§ **EXERCISE INPUTS**:
/---
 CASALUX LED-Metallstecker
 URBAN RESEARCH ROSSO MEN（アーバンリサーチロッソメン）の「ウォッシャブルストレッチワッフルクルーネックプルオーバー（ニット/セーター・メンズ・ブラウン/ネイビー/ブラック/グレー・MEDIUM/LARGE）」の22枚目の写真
\---
/---
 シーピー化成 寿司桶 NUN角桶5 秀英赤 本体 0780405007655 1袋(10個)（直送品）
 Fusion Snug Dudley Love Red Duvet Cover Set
\---
/---
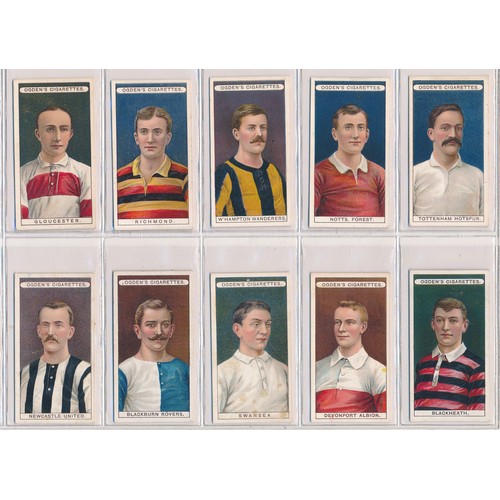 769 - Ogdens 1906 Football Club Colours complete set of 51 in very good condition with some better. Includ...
\---
§ **THE TASK**: Starting at the line above that holds "CASALUX LED-Metallstecker" and ending at the line that holds "URBAN RESEARCH ROSSO", transcribe each line exactly and include no other lines.

§ **TASK OUTPUT**:
 CASALUX LED-Metallstecker
 URBAN RESEARCH ROSSO MEN（アーバンリサーチロッソメン）の「ウォッシャブルストレッチワッフルクルーネックプルオーバー（ニット/セーター・メンズ・ブラウン/ネイビー/ブラック/グレー・MEDIUM/LARGE）」の22枚目の写真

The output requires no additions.